Below is a listing with pictures. Repeat exactly the lines starting at the one holding "Büyük Beden Tensel" and going on through the one holding "빈티지 젠 미니어처 모래석", and leave every picture out.

** Records shown **
Content starts

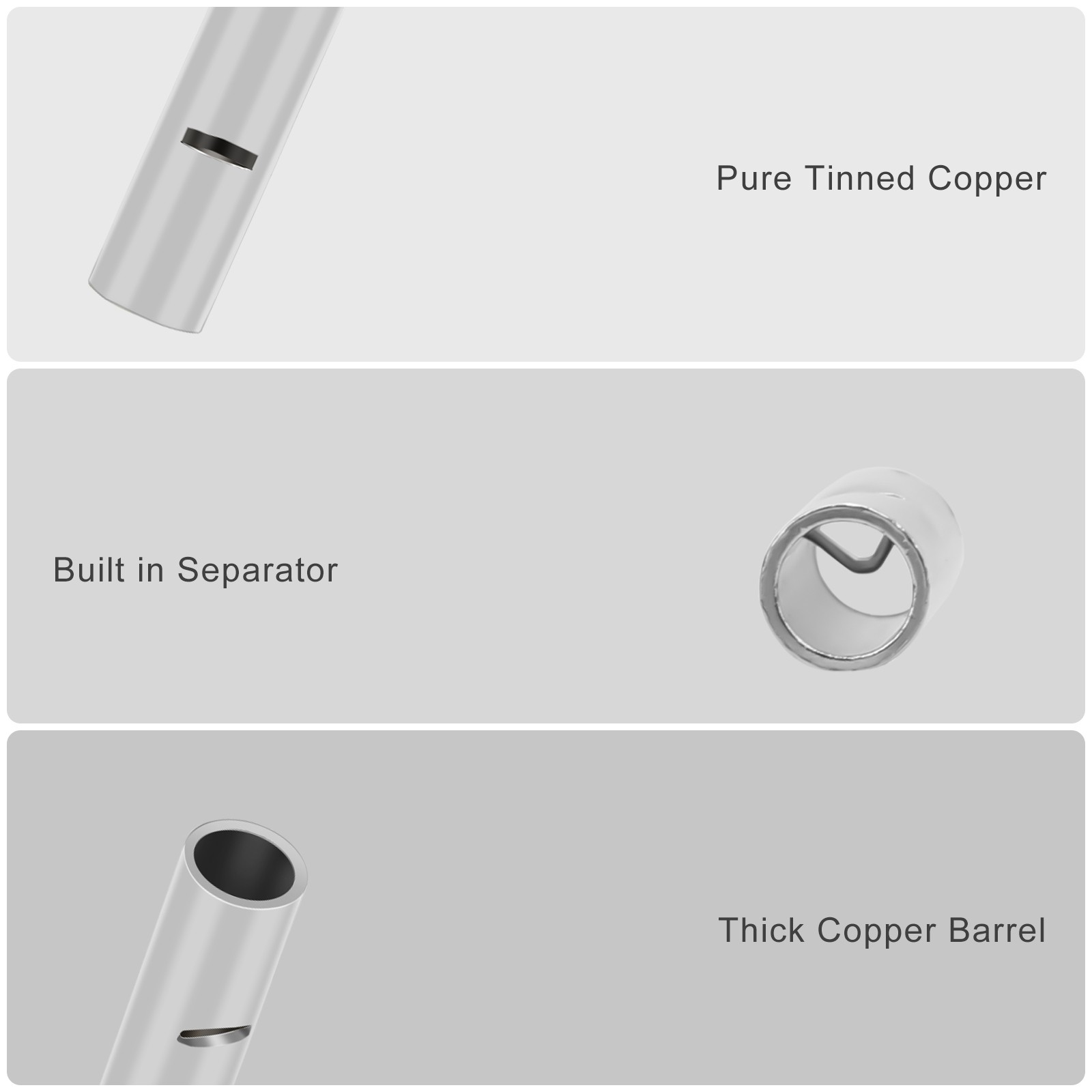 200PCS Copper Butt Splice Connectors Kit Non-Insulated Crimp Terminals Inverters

Content ends
Content starts

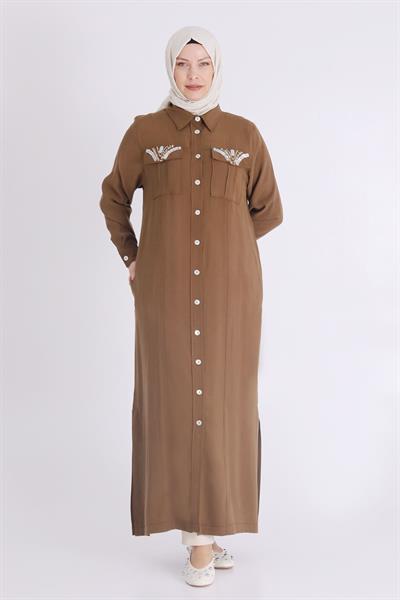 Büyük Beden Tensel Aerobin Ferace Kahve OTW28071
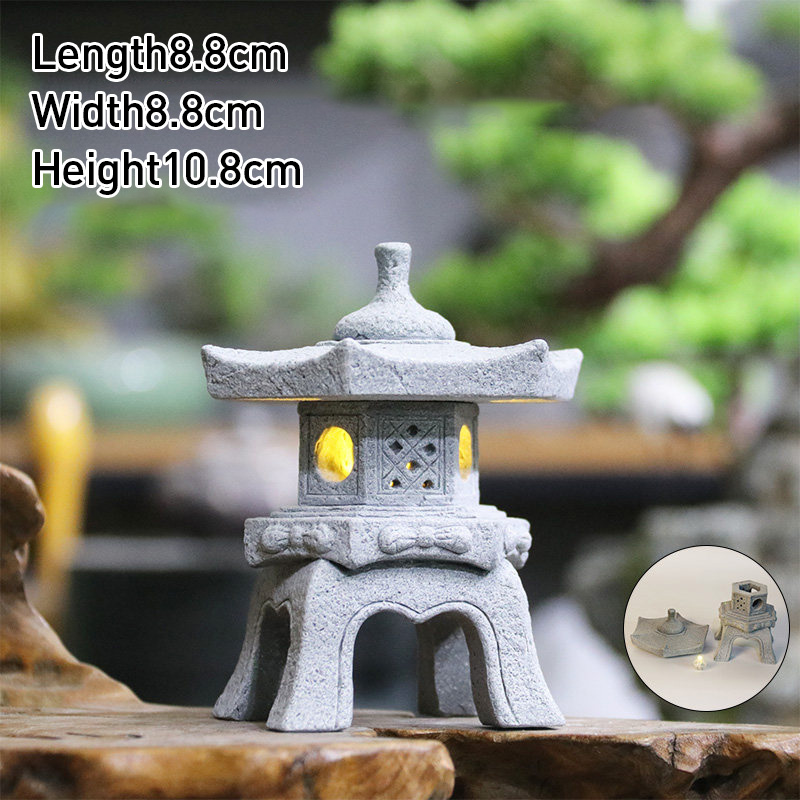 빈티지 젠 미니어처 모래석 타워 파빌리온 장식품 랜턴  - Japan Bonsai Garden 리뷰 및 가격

Content ends

** Task response **
 Büyük Beden Tensel Aerobin Ferace Kahve OTW28071
 빈티지 젠 미니어처 모래석 타워 파빌리온 장식품 랜턴  - Japan Bonsai Garden 리뷰 및 가격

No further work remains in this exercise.